Cass. Sez. III n. 39369 del 29 novembre 2006 (cc. 26 ott. 2006)
Pres. Vitalone Est. Lombardi Ric. Scarinci
Rifiuti. Terre e rocce da scavo

Si palesa inconferente l’eventuale riferimento all'interpretazione autentica di cui all'art. 1, co. 17, della L. n. 443-2001, come modificata dall'art. 23 della L. n. 306-2003, attualmente riprodotta nell'art.186 del D. L.vo n. 152-2006, che esclude dal novero dei rifiuti le terre e le rocce da scavo, qualora si tratti di terra mista ad asfalto, ferro, betonelle per marciapiedi stradali, paletti in cemento precompresso, che costituiscono rifiuti speciali derivanti dalle attività di demolizione, ai sensi del citato art. 7, co. 3 lett. b), del decreto legislativo n. 22/97, attualmente art 184, co. 3 lett. b), del D. L.vo. 3.4.2006 n. 152.

Svolgimento del processo
Con la impugnata ordinanza il Tribunale di Chieti, in funzione di giudice del riesame, ha confermato il decreto di sequestro preventivo di un’area emesso dal G.I.P. del Tribunale di Chieti in data 18 aprile 2006 nell’ambito delle indagini per il reato di cui all’art. 51 del D.L.vo n. 22/97 nei confronti di Scarinci Adriano, in qualità di sindaco del Comune di Arielli.

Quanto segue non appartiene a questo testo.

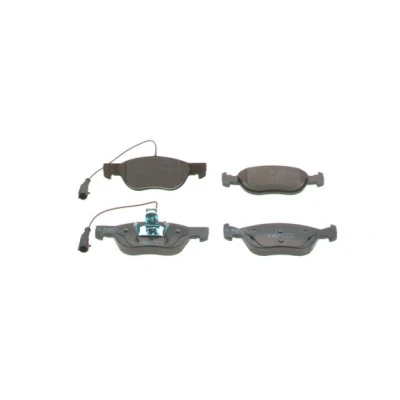 Imagen de BOSCH 0 986 424 510 Juego de pastillas freno Low Metallic con sensor desgaste incorporado clip émbolo, Chapa antichirridos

Nell’ordinanza si osserva che sull’area sequestrata, secondo quanto emerso dalle indagini di polizia giudiziaria, erano state depositate ingenti quantità di materiali, composti da terra, mista ad asfalto, nonché betonelle per marciapiedi e paletti precompressi misti a ferro, costituenti rifiuti speciali e concentrati allo scopo di rialzare il livello del terreno fino a quello della sede stradale.
Sulla base dell’indicato accertamento di fatto i giudici del riesame hanno affermato la sussistenza di sufficienti elementi atti a configurare il reato oggetto di indagine a carico dello Scarinci, risultando peraltro che la predetta area era nella disponibilità dell’ente locale, e ritenuto irrilevante, al fine di escludere l’applicabilità della misura cautelare, la circostanza che il terreno risultasse dl proprietà di un altro soggetto secondo quanto dedotto dall’istante per il riesame.
Avverso l’ordinanza ha proposto ricorso il difensore dell’indagato, che la denuncia con due motivi di gravame.
Con il primo mezzo di annullamento il ricorrente denuncia l’errata applicazione dell’art. 51 del D.L.vo n. 22197 e l’insussistenza degli elementi costitutivi del reato.
Si osserva che per rifiuti speciali si intendono esclusivamente le sostanze indicate negli allegati al D.L.vo n. 22/97, trovando applicazione, ai sensi dall’art. 7 del citato decreto legislativo, il criterio di individuazione formale in forza del quale un rifiuto deve qualificarsi come pericoloso solo se è incluso nell’allegato D del decreto.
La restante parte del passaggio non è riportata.